Une définition de l’art…
Jusqu’au XVIIIème siècle, l’art était pour l’essentiel considéré comme la transformation de choses afin d’en créer de nouvelles. L’art était ainsi assimilable à la technique, notamment dans la perspective héritée d’Aristote : « Au reste, tout art consiste à produire, à exécuter, et à combiner les moyens de donner l’existence à quelqu’une des choses qui peuvent être et ne pas être ; et dont le principe est dans celui qui fait, et non dans la chose qui est faite. Car il n’y a point d’art des choses qui ont une existence nécessaire, ni de celles dont l’existence est le résultat des forces de la nature, puisqu’elles ont en elles-mêmes le principe de leur être ». (Ethique à Nicomaque – Aristote). Originairement, l’art a le statut de technique et il est différencié de la praxis, soit la morale, et de la théoria qui est une contemplation du monde à des fins révélatrices. Puis l’art se soustrait peu à peu au monde du travail pour devenir une activité libérale, excluant tout objet utilitaire. L’art devient ainsi un moyen d’expression employé par l’homme pour faire part de la vision qu’il a de lui-même, du monde, et du rapport entre ce monde et lui. La technique n’est désormais plus de son ressort, celle-ci revenant à l’artisanat. Que reste-t-il alors à l’artiste pour s’exprimer ? La beauté peut-être ? Une œuvre d’art doit-elle son statut à l’impression de beauté qu’elle dégage ? Kant répond que non.
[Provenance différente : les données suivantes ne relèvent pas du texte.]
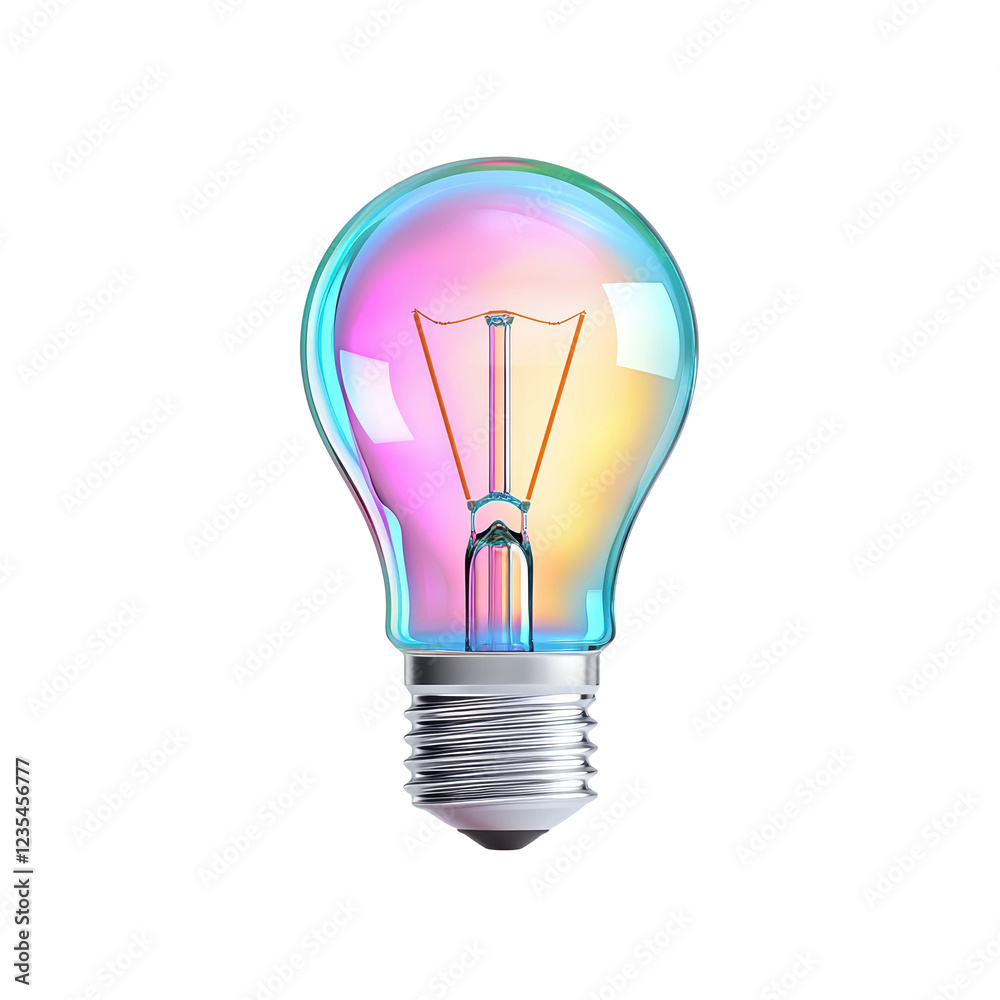 Colorful light bulb with iridescent glow and elegant design Colorful light bulb with iridescent glow and elegant design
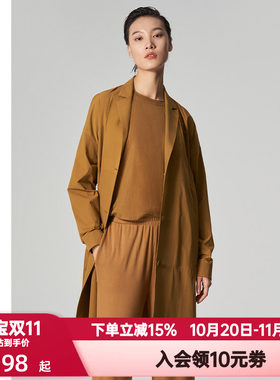 爱慕CHUANG春秋季外穿女士多面梭织翻驳领长款上衣外套CA810571
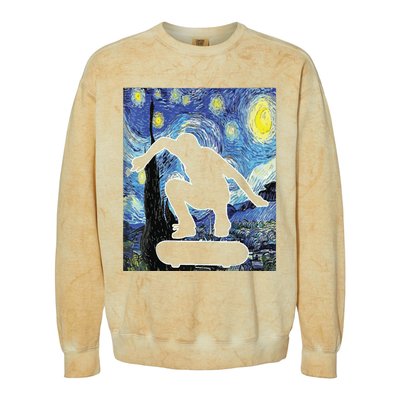 Skateboarding Starry Night Skateboard Van Gogh Colorblast Crewneck Sweatshirt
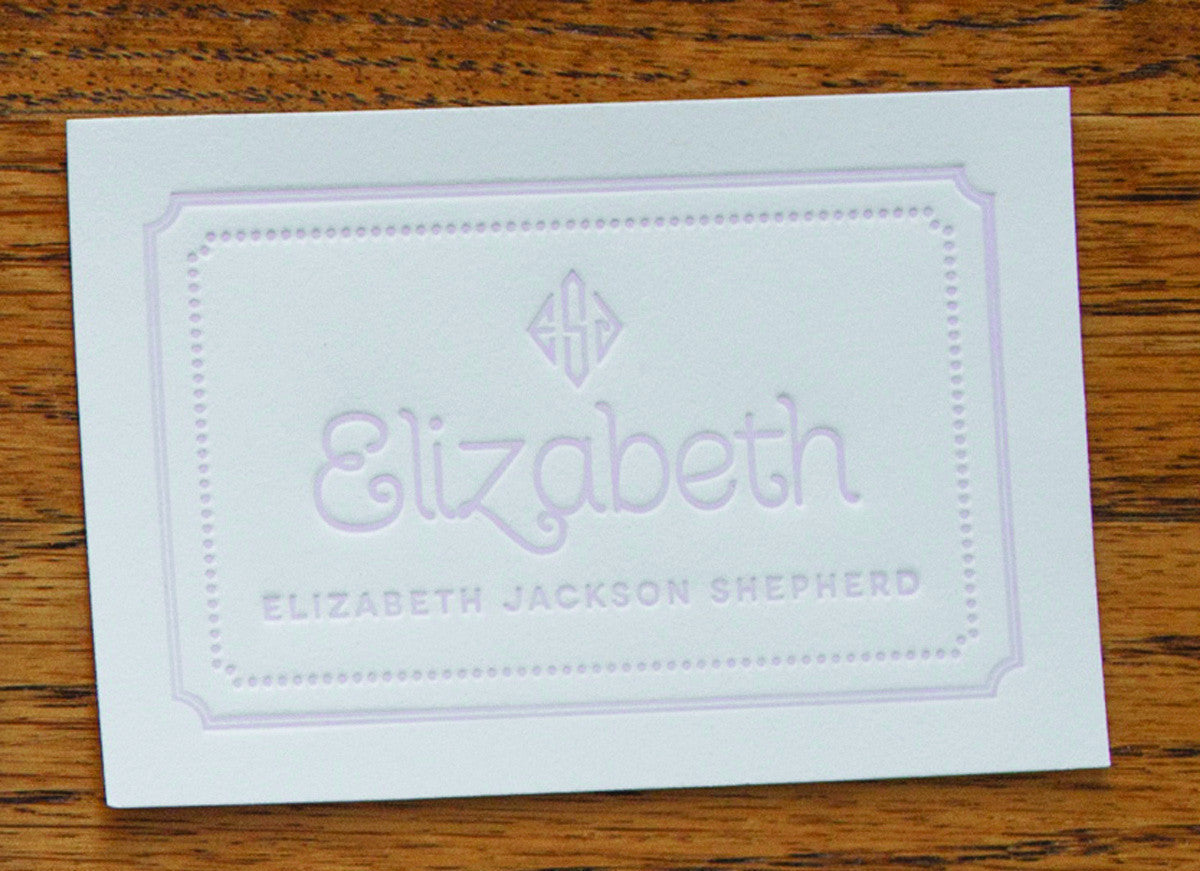 Letterpressed Rectangle Monogram Enclosures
Pour le philosophe, la beauté est une production de la nature et non le résultat d’une création humaine. Dire d’une œuvre qu’elle est belle est un jugement d’ordre esthétique qui selon Kant n’a pas de valeur universelle, alors que la beauté au sens pur du terme ne peut souffrir d’aucune appréciation. La beauté est belle en soi. De plus, l’art contemporain contredit une association systématique d’une œuvre avec le beau car bon nombre de réalisations modernes ne sont pas faites pour le plaisir des yeux, mais pour véhiculer un message, ce qui ne les empêche pas de conserver leur reconnaissance artistique.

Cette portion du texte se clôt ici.